I learned many things about myself during the Whole30, not the least of which is that nuts and seeds aren’t necessarily the best fat (or protein) source for the human body AND that it’s easy for me to overeat these foods. The single-serving nature of a muffin seemed like a good way to get my nut butter fix, and I wanted to see if the natural sweetness of a ripe banana would be enough for me, especially after over a month of no sugars or sweeteners of any kind (only fruit; no honey, no maple syrup, no stevia, no erythritol…you get the drift).
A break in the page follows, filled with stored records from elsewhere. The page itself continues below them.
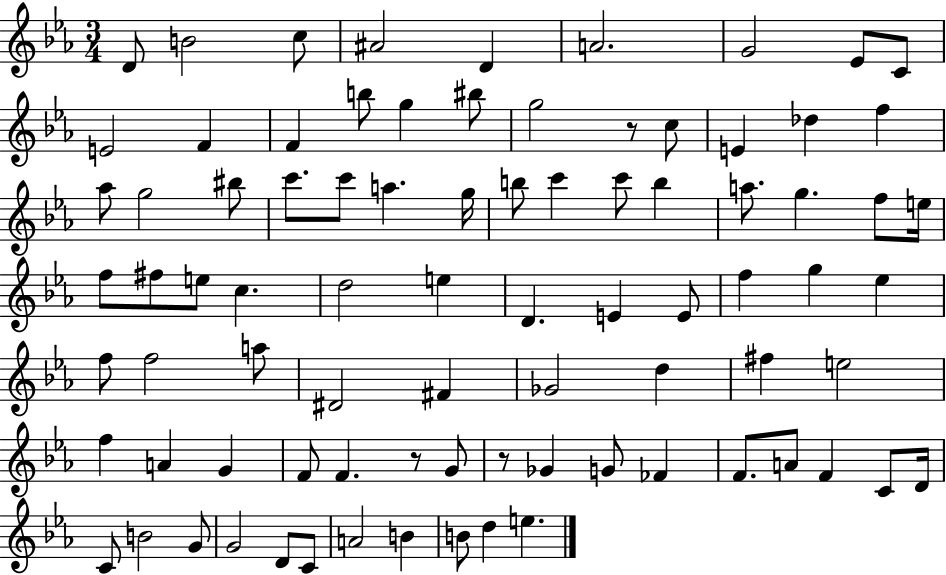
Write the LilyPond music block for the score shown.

{
  \clef treble
  \numericTimeSignature
  \time 3/4
  \key ees \major
  d'8 b'2 c''8 | ais'2 d'4 | a'2. | g'2 ees'8 c'8 | \break e'2 f'4 | f'4 b''8 g''4 bis''8 | g''2 r8 c''8 | e'4 des''4 f''4 | \break aes''8 g''2 bis''8 | c'''8. c'''8 a''4. g''16 | b''8 c'''4 c'''8 b''4 | a''8. g''4. f''8 e''16 | \break f''8 fis''8 e''8 c''4. | d''2 e''4 | d'4. e'4 e'8 | f''4 g''4 ees''4 | \break f''8 f''2 a''8 | dis'2 fis'4 | ges'2 d''4 | fis''4 e''2 | \break f''4 a'4 g'4 | f'8 f'4. r8 g'8 | r8 ges'4 g'8 fes'4 | f'8. a'8 f'4 c'8 d'16 | \break c'8 b'2 g'8 | g'2 d'8 c'8 | a'2 b'4 | b'8 d''4 e''4. | \break \bar "|."
}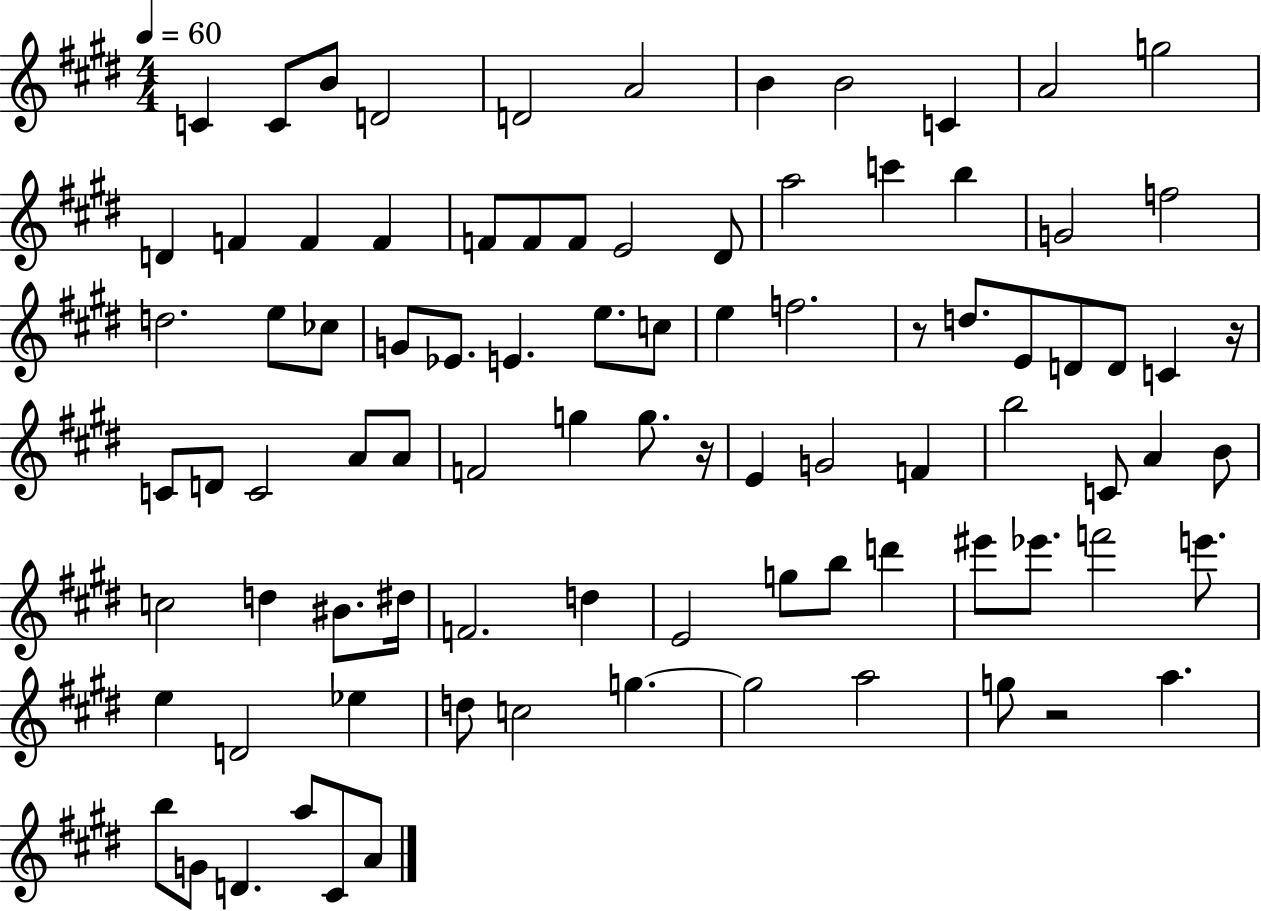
{
  \clef treble
  \numericTimeSignature
  \time 4/4
  \key e \major
  \tempo 4 = 60
  c'4 c'8 b'8 d'2 | d'2 a'2 | b'4 b'2 c'4 | a'2 g''2 | \break d'4 f'4 f'4 f'4 | f'8 f'8 f'8 e'2 dis'8 | a''2 c'''4 b''4 | g'2 f''2 | \break d''2. e''8 ces''8 | g'8 ees'8. e'4. e''8. c''8 | e''4 f''2. | r8 d''8. e'8 d'8 d'8 c'4 r16 | \break c'8 d'8 c'2 a'8 a'8 | f'2 g''4 g''8. r16 | e'4 g'2 f'4 | b''2 c'8 a'4 b'8 | \break c''2 d''4 bis'8. dis''16 | f'2. d''4 | e'2 g''8 b''8 d'''4 | eis'''8 ees'''8. f'''2 e'''8. | \break e''4 d'2 ees''4 | d''8 c''2 g''4.~~ | g''2 a''2 | g''8 r2 a''4. | \break b''8 g'8 d'4. a''8 cis'8 a'8 | \bar "|."
}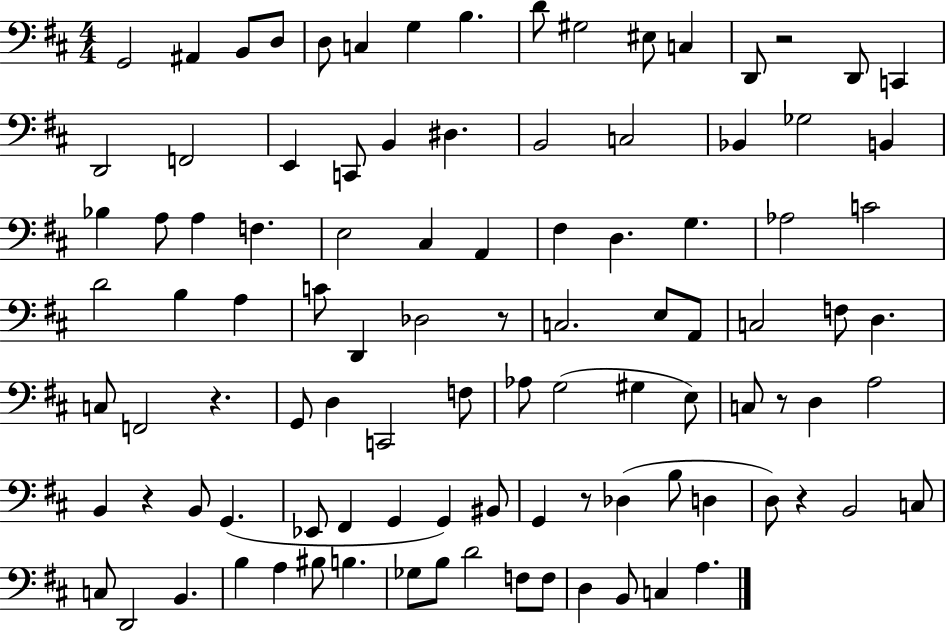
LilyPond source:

{
  \clef bass
  \numericTimeSignature
  \time 4/4
  \key d \major
  \repeat volta 2 { g,2 ais,4 b,8 d8 | d8 c4 g4 b4. | d'8 gis2 eis8 c4 | d,8 r2 d,8 c,4 | \break d,2 f,2 | e,4 c,8 b,4 dis4. | b,2 c2 | bes,4 ges2 b,4 | \break bes4 a8 a4 f4. | e2 cis4 a,4 | fis4 d4. g4. | aes2 c'2 | \break d'2 b4 a4 | c'8 d,4 des2 r8 | c2. e8 a,8 | c2 f8 d4. | \break c8 f,2 r4. | g,8 d4 c,2 f8 | aes8 g2( gis4 e8) | c8 r8 d4 a2 | \break b,4 r4 b,8 g,4.( | ees,8 fis,4 g,4 g,4) bis,8 | g,4 r8 des4( b8 d4 | d8) r4 b,2 c8 | \break c8 d,2 b,4. | b4 a4 bis8 b4. | ges8 b8 d'2 f8 f8 | d4 b,8 c4 a4. | \break } \bar "|."
}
I had just the recipe in mind – Flourless Peanut Butter Banana Muffins from The Detoxinista are on regular rotation in the Golden Graham household. I made some tweaks to make the ingredients compliant with the Whole30 (despite the fact that the muffins themselves are by definition NOT a compliant food choice DURING a Whole30) – switching almond butter for peanut butter, and removing the honey entirely.
I thought they were muffin bliss! Have my taste buds been completely addled by the Whole30? Let me know what you think!
Flourless Almond Butter Banana Muffins (Dairy-free, Fruit-sweetened, Gluten-free, Grain-free, Paleo, Refined sugar-free)
These fluffy, light and moist muffins are naturally sweetened with fruit and have no dairy, gluten or grains!
2 large bananas (250g), peeled and mashed
1 cup (256g) almond butter (I prefer roasted almond butter*; you can also use raw almond butter*; or you can substitute sunflower seed butter like Organic Sunbutter* if you have a nut allergy – be warned that the muffins will turn a VIBRANT shade of green but are still delicious!)
3 large eggs, beaten (flax eggs will NOT work)
1 tsp (5mL or 4g) pure vanilla extract
1 tsp (5g) baking soda
1 tsp (4g) cinnamon
1/2 tsp (2g) sea salt
1. Preheat a conventional oven to 350F (185C) or a convection oven to 325F (165C).
2. Line muffin tins with 18 silicone muffin liners OR grease with coconut oil (pro tip: I love using silicone muffin liners to make clean up easier AND to make it even easier to take these muffins on the go!).
3. Mash the bananas in a large bowl.
4. Stir in the almond butter and eggs.
5. Add the remaining ingredients.
6. Spoon into muffin liners (if using) or directly into muffin tin (fill each cup 1/2 – 2/3 full) and bake for 12-15 minutes until a cake tester inserted in center of muffins comes out clean.
7. Cool in pan on a wire rack.
Calories: 118 Fat: 8.8g Carbohydrates: 6.0g Sugar: 2.1g Fiber: 2.2g Protein: 4.2g
Serve warm OR cool completely and store in a sealed container for 3-5 days (if they last that long) – they make a wonderful breakfast or any-time snack!